Alle Ausgaben / 2001 Frauen in Bewegung von Regina Seifert

Erdmuth Dorothea Gräfin Reuss zu Plauen nachmalige Gräfin von Zinzendorf

Von Regina Seifert

Erdmuth Dorothea wurde am 7. November 1700 in Ebersdorf im Vogtland geboren. Ihr Vater Heinrich nahm eine weltoffene religiöse Haltung ein, im Gegensatz zur Mutter, deren Glaubensvorstellungen streng pietistisch geprägt waren. Nach dem Tod des Vaters im Jahr 1711 übernahm die Mutter allein die Erziehung der acht Kinder. Erdmuths Mutter, Gräfin Benigna, hatte neben der Verantwortung für die religiösen Aktivitäten und die Kindererziehung auch die Verwaltung ihres Gutes zu bewältigen.
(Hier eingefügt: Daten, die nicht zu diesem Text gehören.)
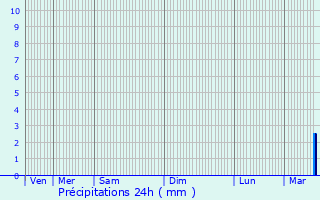 Graphique des précipitations prvues pour Dols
Sie soll eine umsichtige Gutsherrin gewesen sein, und Erdmuth lernte in wirtschaftlichen Fragen vieles von ihr, was sie später befähigte, „Hausmutter“ der Brüdergemeine zu sein. Nur eine Reise nach Dresden 1716 anlässlich einer orthopädischen Kur unterbrach das gleichförmige Leben ihrer Jugend am Ebersdorfer Hof. In Dresden lernte sie die „große Welt“ kennen, deren Unternehmungen bei Erdmuth aber deutliche Kritik und sogar Widerwillen hervorriefen.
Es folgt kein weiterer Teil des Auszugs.